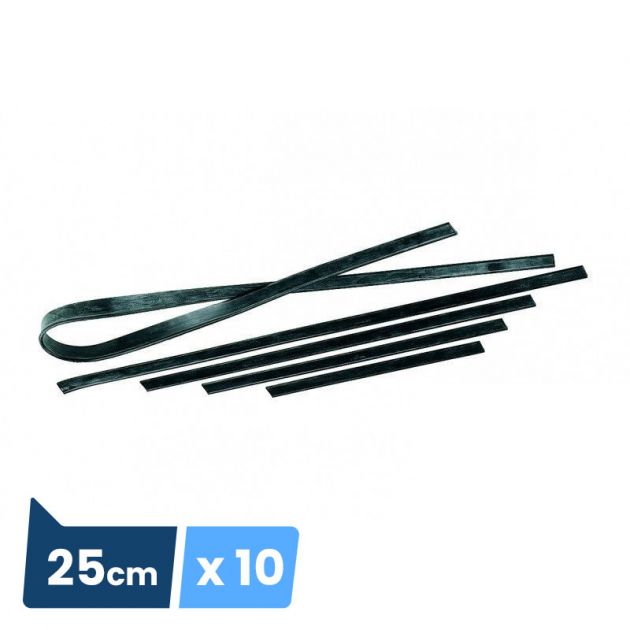 Caoutchouc raclette vitre souple Unger - Lot de 10 - 25cm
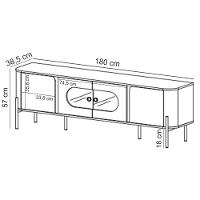 Rack Para Sala Orgânico Suy Com Painel Para Tv 75 Pol Maresca B02 Off White Cinamomo - Lyam Decor - 8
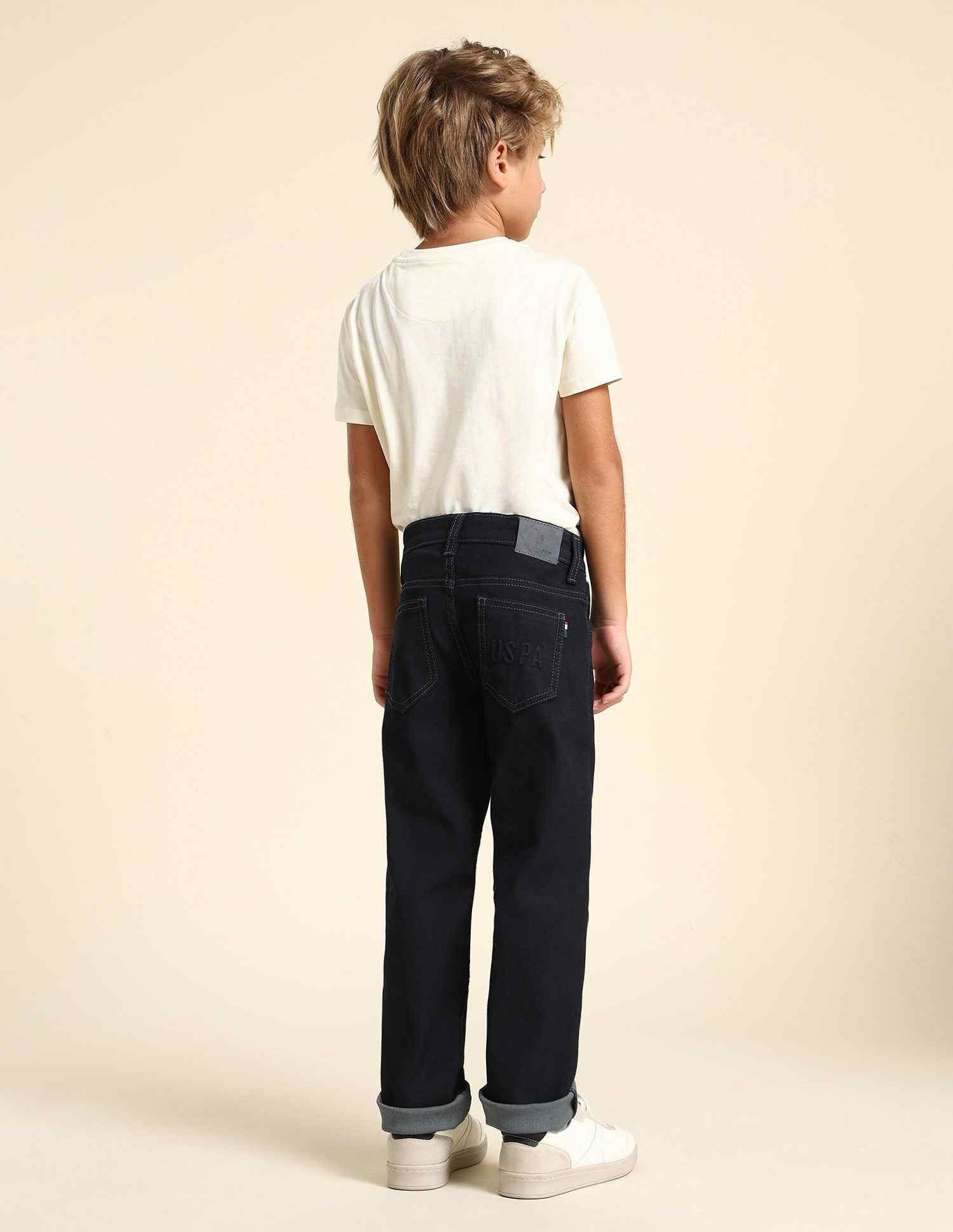 U.S.POLO KIDS BOYS JEANS UKJEN577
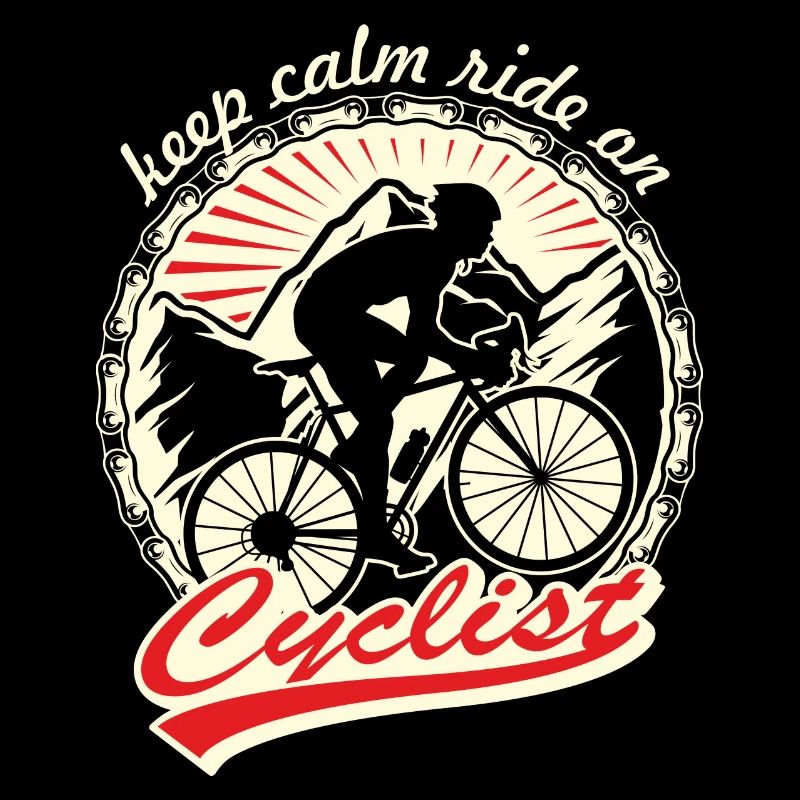Cyclist - keep calm ride on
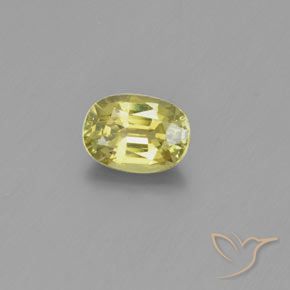 9,17 ctw natürlicher Mittelhelles Gelb Chrysoberyll, Oval, VVS-VS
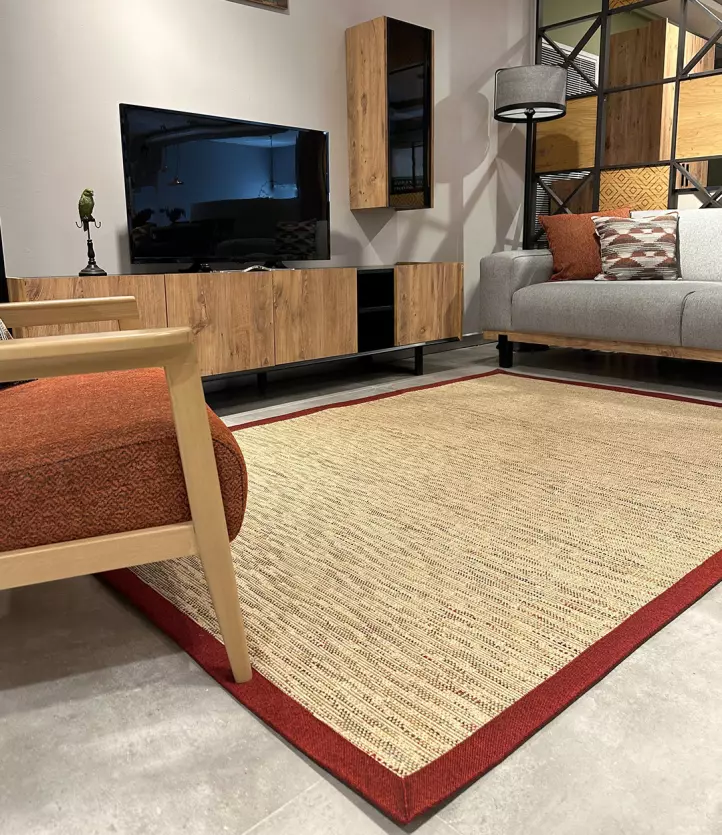 Sisal İç ve Dış Mekan Kullanıma Uygun Dokuma Halı 8209/37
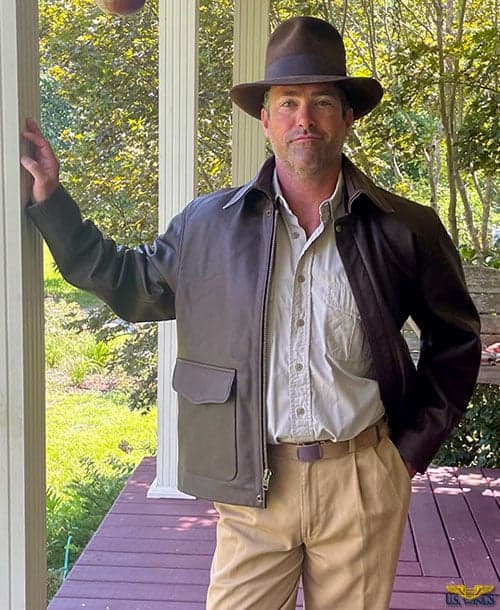 Cooper Original™ Vintage Cowhide Leather Indy-Style Jacket - thumbnail 8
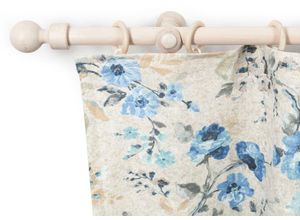 5949127130304 - Gardinenstange »Giro« 1 läufig-läufig Fixmass 28 mm Holz verschiedenen Längen und Farbe Komplettset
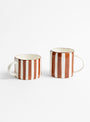 The Mykonos Mug Rust from Pomax at Couverture & The Garbstore
two size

Problem
Exact wording is required throughout: write out all the records, but no pictures.

Answer box
 Caoutchouc raclette vitre souple Unger - Lot de 10 - 25cm
 Rack Para Sala Orgânico Suy Com Painel Para Tv 75 Pol Maresca B02 Off White Cinamomo - Lyam Decor - 8
 U.S.POLO KIDS BOYS JEANS UKJEN577
Cyclist - keep calm ride on
 9,17 ctw natürlicher Mittelhelles Gelb Chrysoberyll, Oval, VVS-VS
 Sisal İç ve Dış Mekan Kullanıma Uygun Dokuma Halı 8209/37
 Cooper Original™ Vintage Cowhide Leather Indy-Style Jacket - thumbnail 8
 5949127130304 - Gardinenstange »Giro« 1 läufig-läufig Fixmass 28 mm Holz verschiedenen Längen und Farbe Komplettset
 The Mykonos Mug Rust from Pomax at Couverture & The Garbstore
two size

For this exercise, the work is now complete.